As much as it was tormenting them both to be there, Reagan was glad that Chris and Robbie were with her. If it weren't for their presence, she would have been going mad with anxiety, wondering if Gracie's screams were indicative of problems that went deeper than just colic. Dave was away that afternoon with Kurt and Krist, tying up loose ends for the European leg of their tour that was slated to start in little less than three weeks.

"I bet it's the new house," Chris said, her voice still leveling at a shout. "The acoustics are too good in here for her to pass up the opportunity of trying them out."

"It's her colic, I'm telling you," Reagan said. She flipped Gracie upright and halfway over her shoulder, patting soothing circles around her lower back. "Her pediatrician warned us about it."

"Want me to hold her?" Robbie offered, getting to his feet. He'd overcome his fear of holding Gracie within recent weeks, finally confident enough (with Reagan's eventual trust) to carry her in his arms. For being so young, Reagan was impressed with how much her little brother cared for Gracie, as if he hadn't been totally wigged out by the mere idea of her existence three months earlier.

"I've got it," Reagan said miserably. She had to be the one to comfort Gracie. When her baby was screaming so bloodcurdlingly loud in her ear, she knew that only she stood a chance at mollifying Gracie's cries into the hushed little pants of a post-newborn meltdown.

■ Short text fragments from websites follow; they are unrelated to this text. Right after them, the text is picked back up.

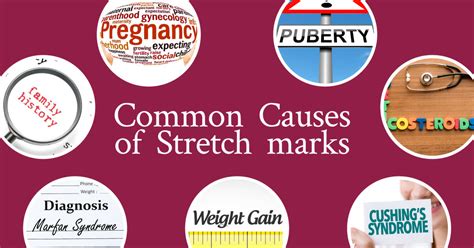 Your Uncut Guide To Stretch-Mark Causes And Solutions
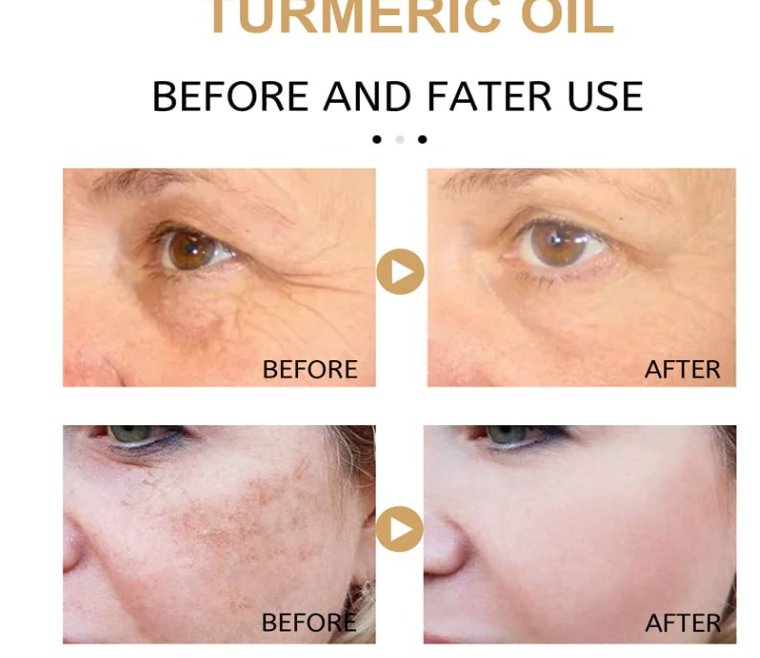 Turmeric Essence Serum 30ml/Anti-Aging/Brightening/Hydrating for Unisex/Hydrating Brightening Anti-Wrinkle Essence  Its lightweight texture absorbs quickly, perfect for daily morning and night use .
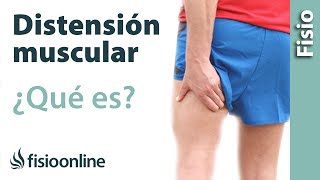 Distensión muscular o ligamentosa - Qué es, cómo sucede y cuáles son sus características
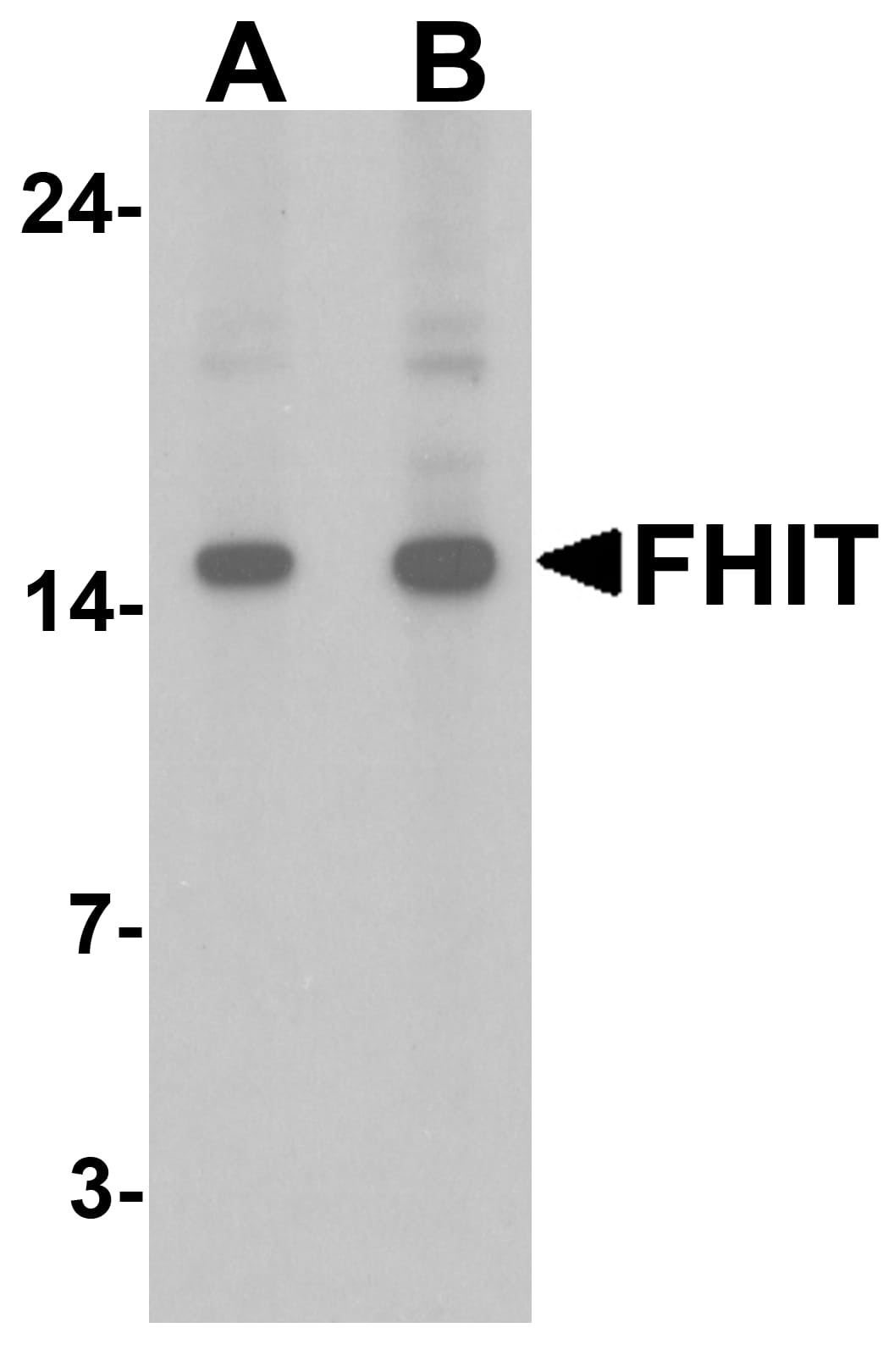 Western Blot: FHIT Antibody [NBP3-27889] - Western blot analysis of FHIT in HeLa cell lysate with FHIT antibody at (A) 1 and (B) 2 u/ml.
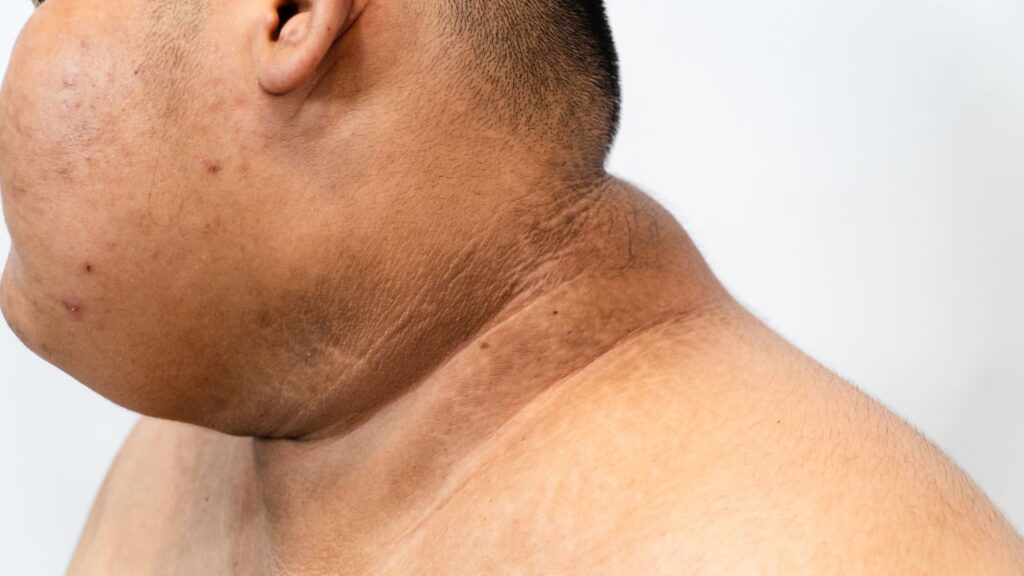 Gai đen ở cổ trẻ em: Dấu hiệu cảnh báo cha mẹ không nên bỏ qua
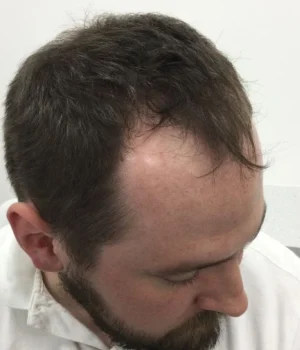 Thomas-Before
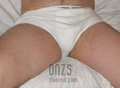 onzs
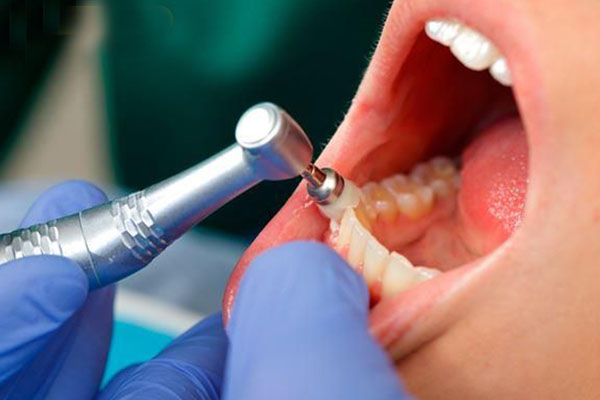 脱敏牙膏敷在牙齿上有疼痛正常吗(脱敏牙膏敷在牙齿上有疼痛正常吗怎么办)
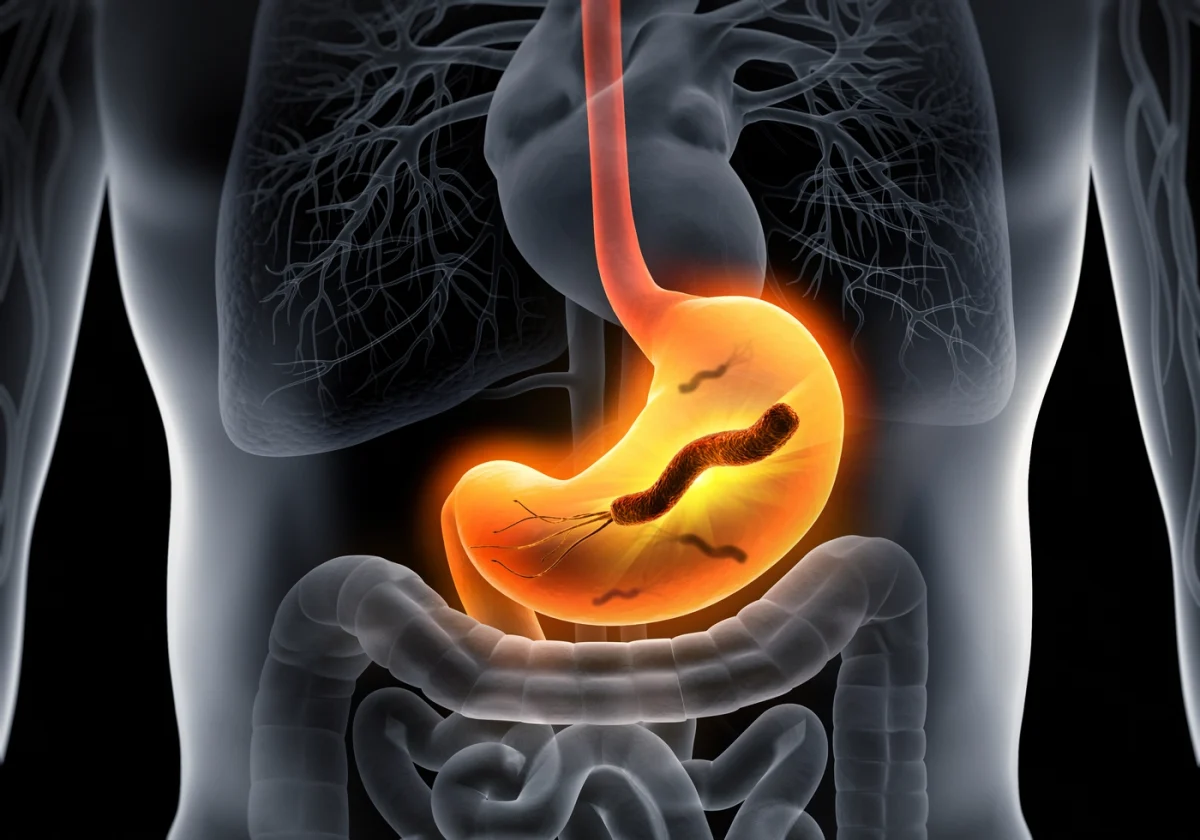 Cum am scăpat de E coli. Tratament medicamentos pentru a uita definitiv de bacterii intestinale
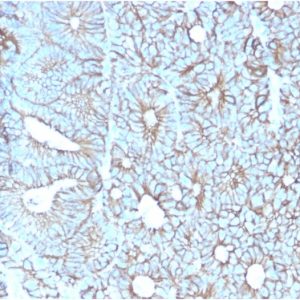 Formalin-fixed, paraffin-embedded human Colon stained with Cadherin 17 / CDH17 Mouse Monoclonal Antibody (CDH17/2617).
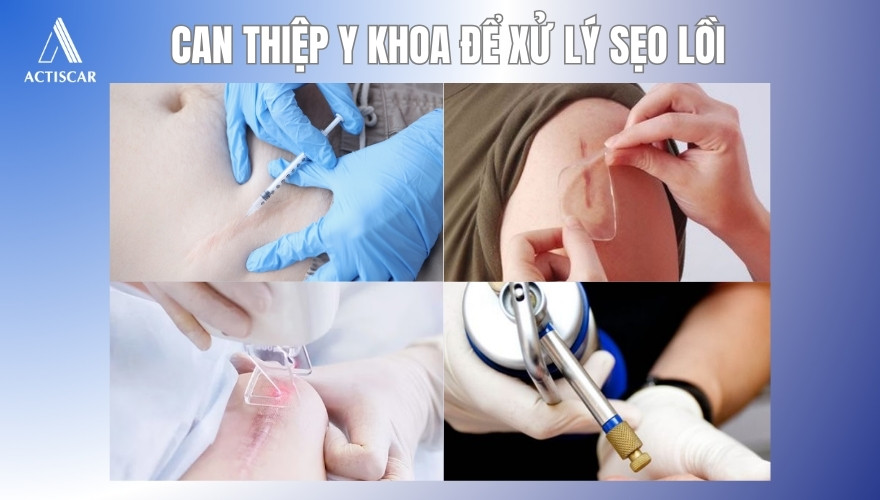 Xử lý sẹo lồi bằng cách can thiệp y khoa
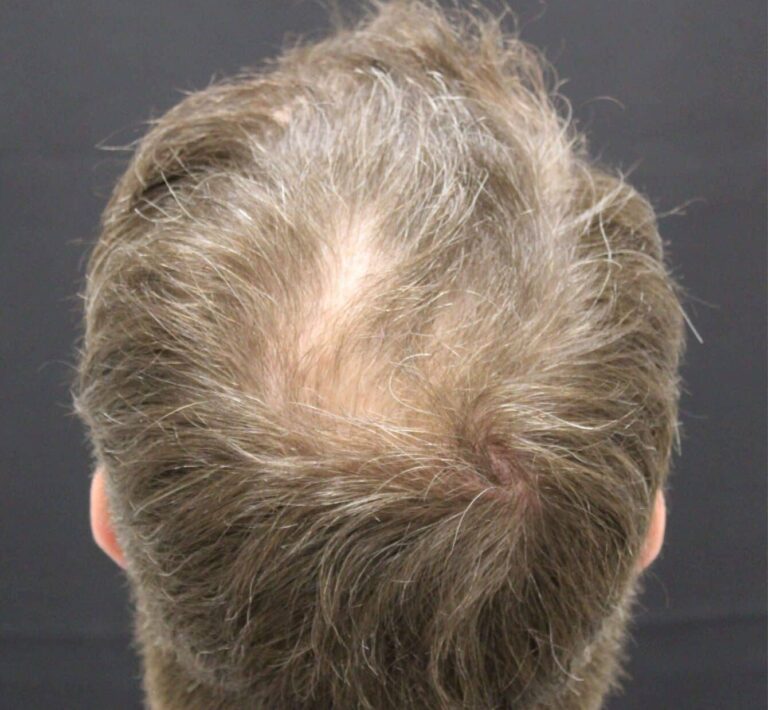 After Image: Hair Restoration - front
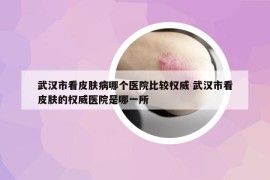 武汉市看皮肤病哪个医院比较权威 武汉市看皮肤的权威医院是哪一所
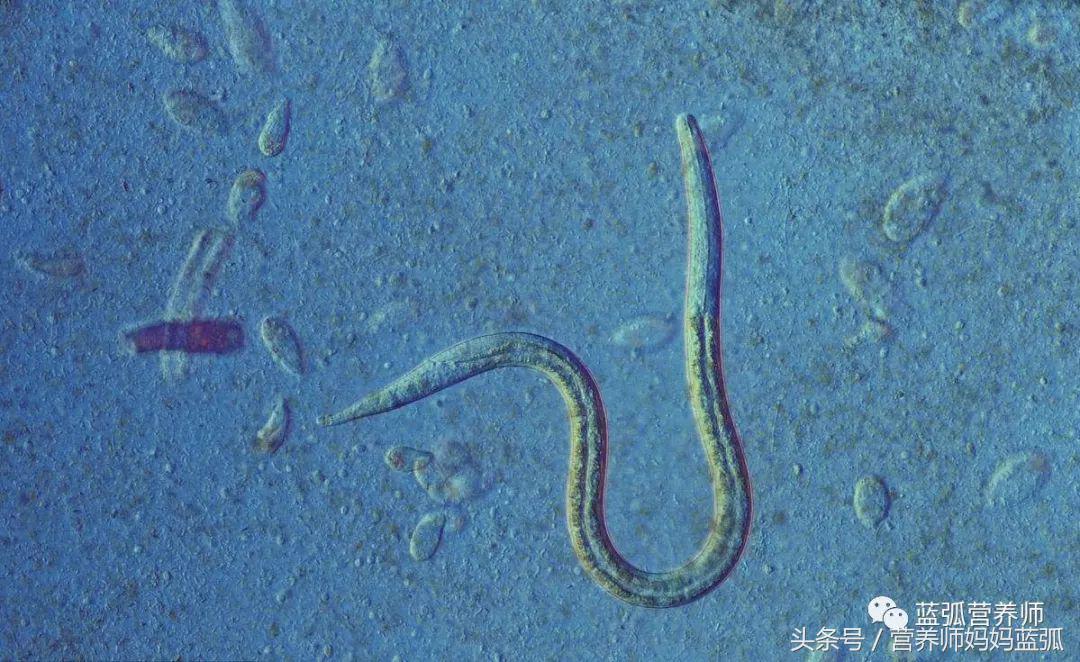 宝宝身上长的白斑是什么病,身上白斑和白癜风的区别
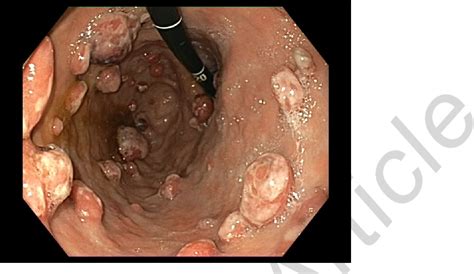 Figure From Digestive Pseuodpolyposis As A Form Of Presentation Of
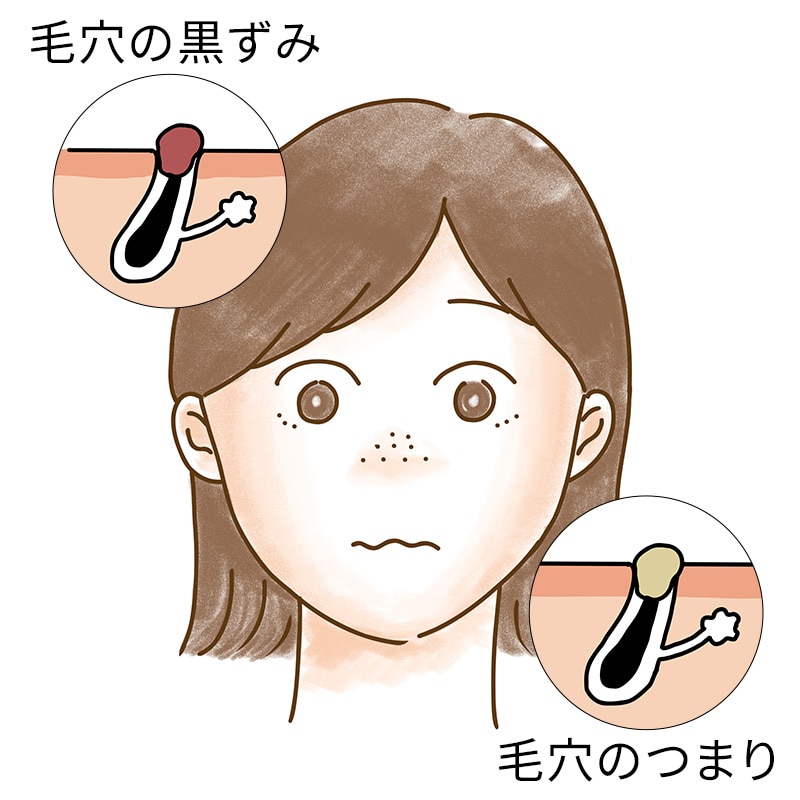 気になる毛穴悩み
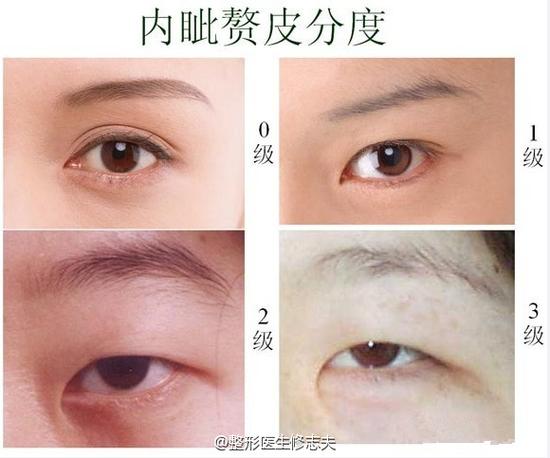 你的眼距理想吗?|内眦赘皮|眼睛|内眼角_新浪女性_新浪网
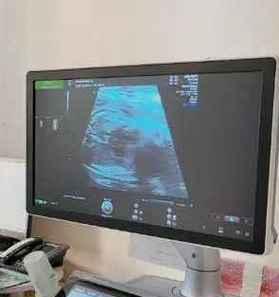 产检资料错误已入电脑，如何应对？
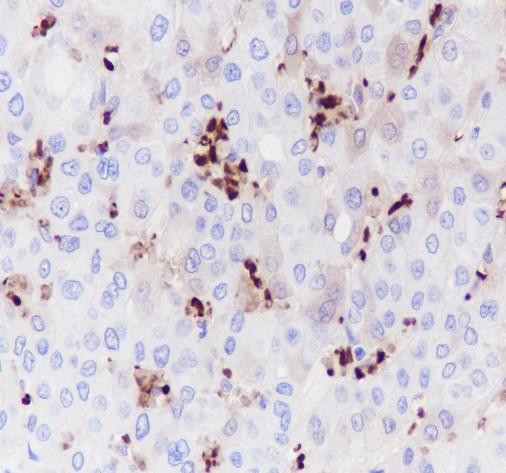 Anti-Recombinant Hemoglobin Alpha, clone A244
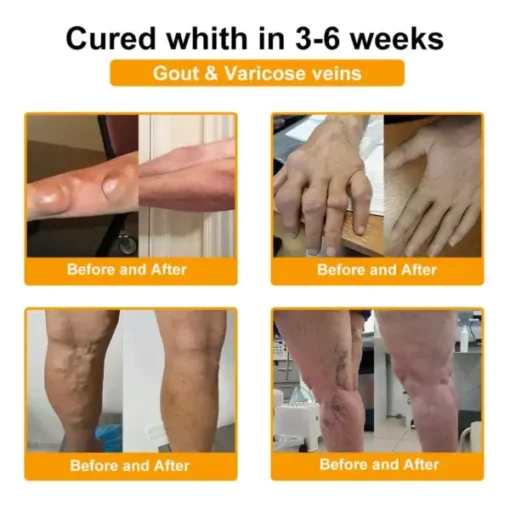 Botulinum Toxin & Bee Venom Orthopedic Relief Cream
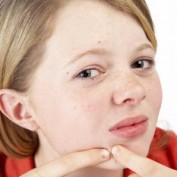 10acne profile image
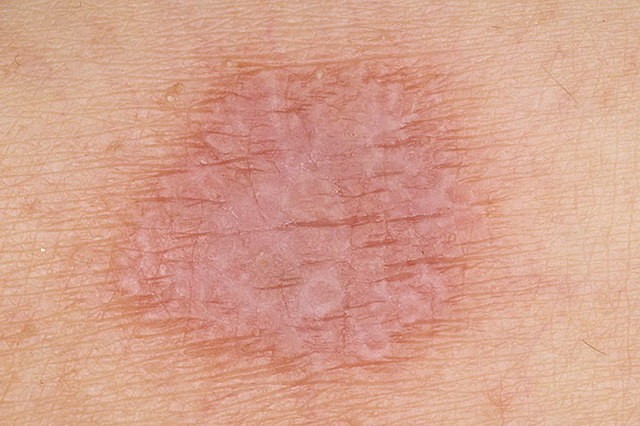 Чем лечить лишай у ребёнка: 6 основных принципов терапии Чем лечить лишай у ребёнка: 6 основных принципов терапии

It was supposed to have been a pleasant day. Chris had offered to drive into Seattle to help out with the baby while Reagan unpacked the last of her and Dave's belongings. They had just moved into their new house, a two-floored four-bedroom sanctuary that Dave had nabbed in West Seattle. Moving in had gone flawlessly, much to Reagan's surprise with having had Gracie in tow, but the business of unpacking had been hard. Gracie was rarely ever put down, especially by her mother.

Chris had been nice enough to pick up Robbie along the way, knowing how much Reagan missed him. He had had little time of his own to spend with Gracie and Reagan yearned for all the memories that she'd spent with him, just the two of them together as siblings. Kate had taken on the lead role of aunt-in-charge and Reagan didn't want Robbie to feel left out now that he cared so wholeheartedly for his niece. He'd been longing to fit back into the niche of Reagan's life, too.